In post-World War II America, optimism prevailed. New technologies were introduced on a daily basis and the standard of life was going up with every passing day. Scientists had cracked the atom and made enormous leaps and bounds in creating a better life for most Americans.
It was thought that life would continue to get better. In the 1950s, a lot of Americans imagined a future where power was too cheap to meter, commuting would be done by helicopter or vacuum train, and smart appliances would do our work for us. It was thought that Americans would work shorter hours, leaving more time for leisure, arts, and science. The Jetsons showed a future of gleaming spires, flying cars, and personal robots. Meanwhile, advertising showed of futuristic rocketships and chromed-out nuclear-powered cars.
The future looked bright. And thousands were working tirelessly to make it so. Interest in the sciences skyrocketed, leading to more and more discoveries and new technologies.
This wonderful future failed to materialize though. The Apollo Moon landings were the zenith of technological excitement. One last hurrah showcasing the promise of the future, after which America and the West quickly went down a different path: one of indifference. In the 70s, rising global tensions and the American entanglement in Vietnam led to disillusionment. All of a sudden, the future wasn't guaranteed to be as great as everyone thought. Pushback reared its head, which was best summarized by the mantra of “Turn on. Tune in. Drop out.”
Even now, 50 years later, most aspects of this exciting future have yet to come to fruition. Energy's more expensive than ever, with the promise of abundant nuclear energy dying in childbirth and global wars raging over the control of oil. Our cities are backed-up with traffic, with the only proposed solution being to add more lanes to our overcrowded highways. We've not gone back to the Moon since the 70s, humans once again being constrained to this pale blue dot. And finally, we're working more hours per week than our parents and grandparents, despite an enormous rise in productivity. What's more, pay has practically stagnated over the past 20 years.
We're not nearly as optimistic as the West once was. Facing a mounting climate crisis, rising inequality, and rising global tensions, the average Joe is a lot less certain and optimistic about the future. All it takes is a single look at the massive success of dystopian fiction and post-apocalyptic video games to understand that we're skeptical about the future.
We need to be cautious though.
After all, our mental model of the world shapes our behavior. It defines what goals to chase, what to study, and what to prioritize as a society. It's optimism that decides whether we decide to invest in technological growth, better education, and improved infrastructure. Having a positive mental model ensures you have a concrete plan for a better future. It's what makes a talented programmer decide to optimize ads for Google versus trying to build true Artificial Intelligence.
The West has moved away from being radically optimistic about the future.
And it's our job to reverse that trend.
Peter Thiel believes in the power of optimism.

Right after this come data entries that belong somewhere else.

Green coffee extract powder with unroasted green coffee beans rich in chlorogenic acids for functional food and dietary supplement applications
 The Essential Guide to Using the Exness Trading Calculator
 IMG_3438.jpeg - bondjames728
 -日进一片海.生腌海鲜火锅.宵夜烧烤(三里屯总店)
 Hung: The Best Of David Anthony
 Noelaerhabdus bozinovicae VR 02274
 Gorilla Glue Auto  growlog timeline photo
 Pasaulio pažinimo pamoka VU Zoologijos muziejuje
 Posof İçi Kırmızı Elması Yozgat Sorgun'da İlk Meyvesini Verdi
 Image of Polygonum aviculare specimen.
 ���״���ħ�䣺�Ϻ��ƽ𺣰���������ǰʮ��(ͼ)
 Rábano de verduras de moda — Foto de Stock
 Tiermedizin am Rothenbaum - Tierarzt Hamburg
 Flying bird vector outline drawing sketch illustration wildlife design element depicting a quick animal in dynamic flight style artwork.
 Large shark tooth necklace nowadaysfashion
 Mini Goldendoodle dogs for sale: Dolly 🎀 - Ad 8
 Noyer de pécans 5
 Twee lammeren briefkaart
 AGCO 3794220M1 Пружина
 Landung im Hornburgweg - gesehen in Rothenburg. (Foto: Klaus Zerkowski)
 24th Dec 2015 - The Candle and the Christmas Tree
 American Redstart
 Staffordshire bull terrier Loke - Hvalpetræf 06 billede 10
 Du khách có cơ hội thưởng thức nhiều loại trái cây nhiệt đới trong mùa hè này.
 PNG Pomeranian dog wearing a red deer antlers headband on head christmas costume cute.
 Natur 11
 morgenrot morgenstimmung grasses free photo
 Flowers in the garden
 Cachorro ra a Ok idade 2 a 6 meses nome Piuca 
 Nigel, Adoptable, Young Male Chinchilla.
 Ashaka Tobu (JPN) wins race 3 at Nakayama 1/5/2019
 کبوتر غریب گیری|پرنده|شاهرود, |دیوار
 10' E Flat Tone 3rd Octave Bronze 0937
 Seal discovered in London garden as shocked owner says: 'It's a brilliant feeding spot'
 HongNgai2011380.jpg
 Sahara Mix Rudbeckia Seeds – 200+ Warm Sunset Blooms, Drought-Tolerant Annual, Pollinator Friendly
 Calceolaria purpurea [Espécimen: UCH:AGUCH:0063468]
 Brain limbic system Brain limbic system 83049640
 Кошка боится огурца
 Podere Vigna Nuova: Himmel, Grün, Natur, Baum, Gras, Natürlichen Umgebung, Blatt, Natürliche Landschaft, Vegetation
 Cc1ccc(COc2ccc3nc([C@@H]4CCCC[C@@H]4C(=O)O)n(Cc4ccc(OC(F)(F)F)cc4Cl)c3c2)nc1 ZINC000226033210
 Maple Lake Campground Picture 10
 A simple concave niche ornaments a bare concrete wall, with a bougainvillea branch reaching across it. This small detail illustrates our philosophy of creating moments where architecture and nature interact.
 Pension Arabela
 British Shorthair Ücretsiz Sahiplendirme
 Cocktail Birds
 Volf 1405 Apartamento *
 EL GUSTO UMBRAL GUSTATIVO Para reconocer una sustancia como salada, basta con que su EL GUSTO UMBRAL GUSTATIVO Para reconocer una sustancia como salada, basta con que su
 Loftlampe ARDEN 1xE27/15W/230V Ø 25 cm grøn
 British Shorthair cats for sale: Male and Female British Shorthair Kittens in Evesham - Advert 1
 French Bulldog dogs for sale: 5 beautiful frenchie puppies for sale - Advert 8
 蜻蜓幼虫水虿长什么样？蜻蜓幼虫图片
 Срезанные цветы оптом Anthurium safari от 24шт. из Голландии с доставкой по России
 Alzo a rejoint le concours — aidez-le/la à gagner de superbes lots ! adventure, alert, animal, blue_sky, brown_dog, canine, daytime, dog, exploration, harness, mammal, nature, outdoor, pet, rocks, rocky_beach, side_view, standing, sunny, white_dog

He's not some self-help guru, promising you riches and guaranteed success. He doesn't make you do self-affirming mantras in the mirror. Nor is he necessarily the most positive person around. That's not the type of optimism he's concerned with.
To Thiel, being optimistic is all about your opinion on the future. It means that you are hopeful and confident about the future. You believe that overtime things will get better. Pessimism on the other hand means that you're convinced that the future will be worse than today. According to him, pessimism is one of the worst curses in existence.
Thiel, a famous investor and entrepreneur, believes that one of the most important distinctions for a society is its perspective on the future, whether it'll be better or worse. In short, whether a society is optimistic or pessimistic. Above all, Thiel believes this to be applicable to the role changing technology will have in bringing out that future, be it better or worse.
The founder of Paypal and Palantir, Peter Thiel has transitioned to investing, with one of his more well-known exploits being an early investment in a small, unassuming social media platform called Facebook. Since then, he started Founder's Fund which tries to invest in companies and technologies that are radically changing the world. Even if they're not necessarily the most profitable or fashionable. It takes a certain brand of investor to fund nuclear fusion startups yet pass on the hot new ride-sharing app. And that's exactly what Thiel is doing.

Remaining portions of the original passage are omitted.